• **INFORMATION SUPPLIED**:

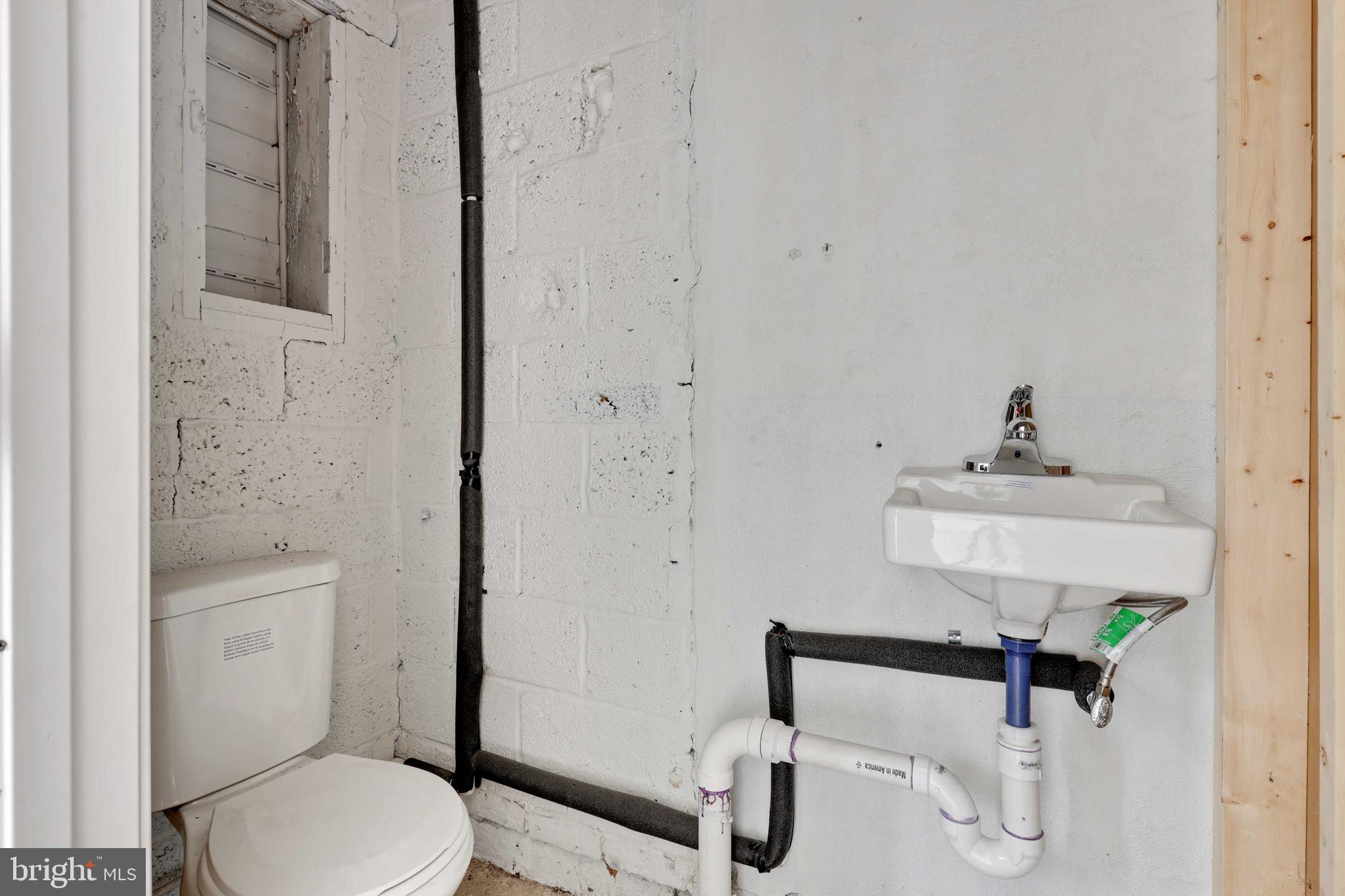 4414 Belair Road Baltimore, MD 21206 - Photo 51 of 55 Garage powder room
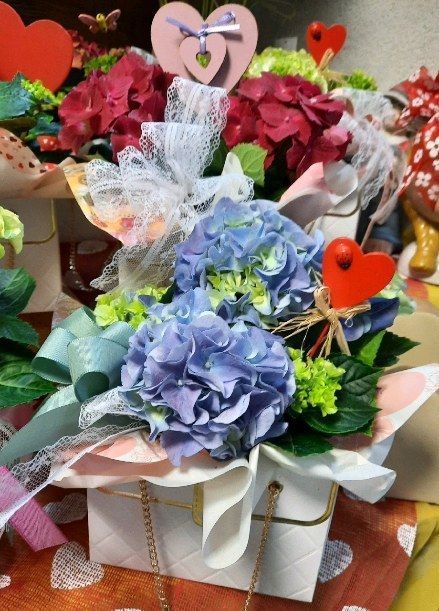 Due coloratissimi cestini regalo floreali con nastri e decorazioni a forma di cuore su un tavolo di legno.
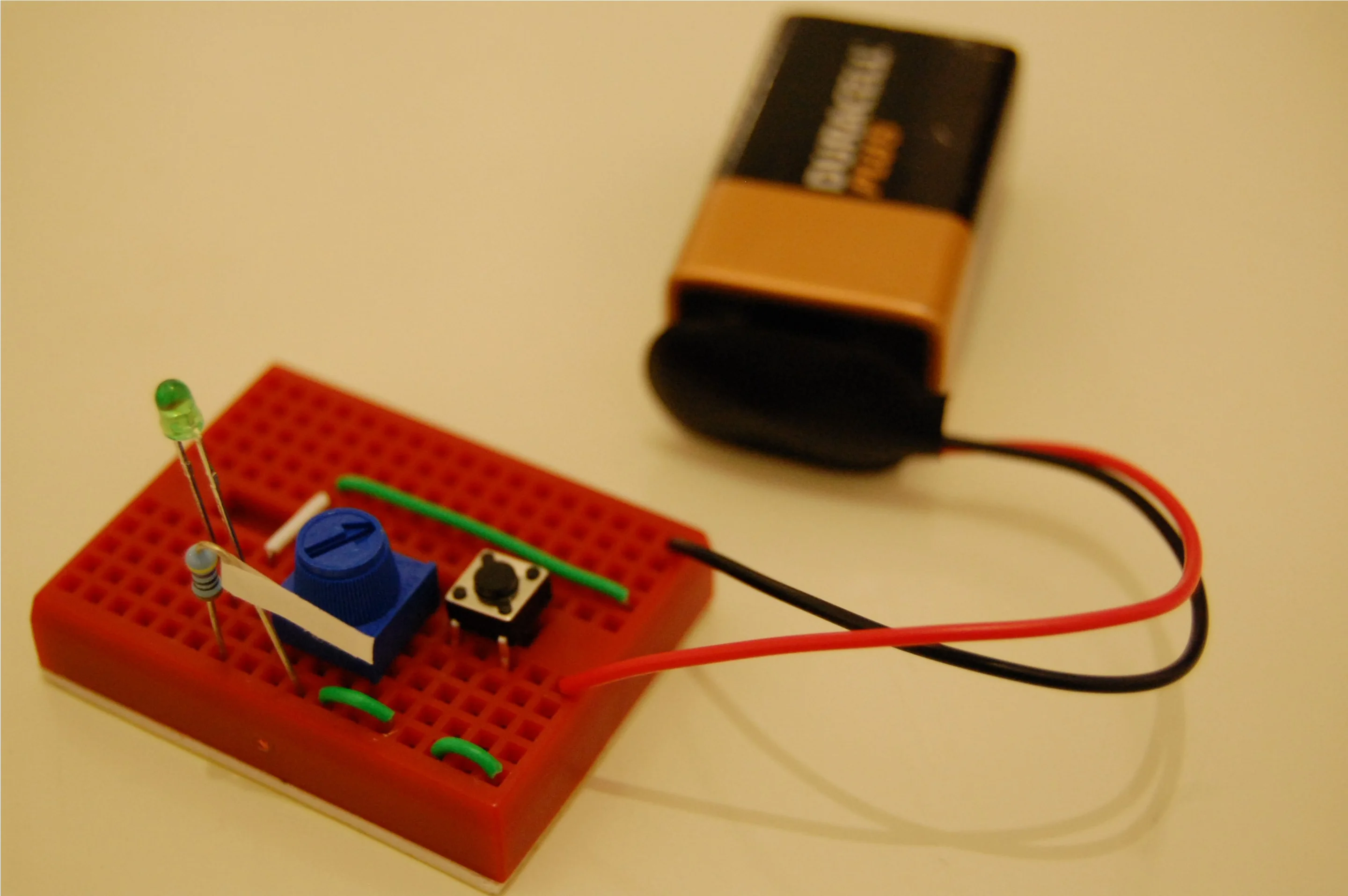 Turning the variable resistor dims the LED on Circuit 2 from the green intro booklet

• **WORK TO COMPLETE**:
From the first line to the last, repeat the listing exactly and skip its images.

• **RESPONSE AREA**:
 4414 Belair Road Baltimore, MD 21206 - Photo 51 of 55 Garage powder room
 Due coloratissimi cestini regalo floreali con nastri e decorazioni a forma di cuore su un tavolo di legno.
 Turning the variable resistor dims the LED on Circuit 2 from the green intro booklet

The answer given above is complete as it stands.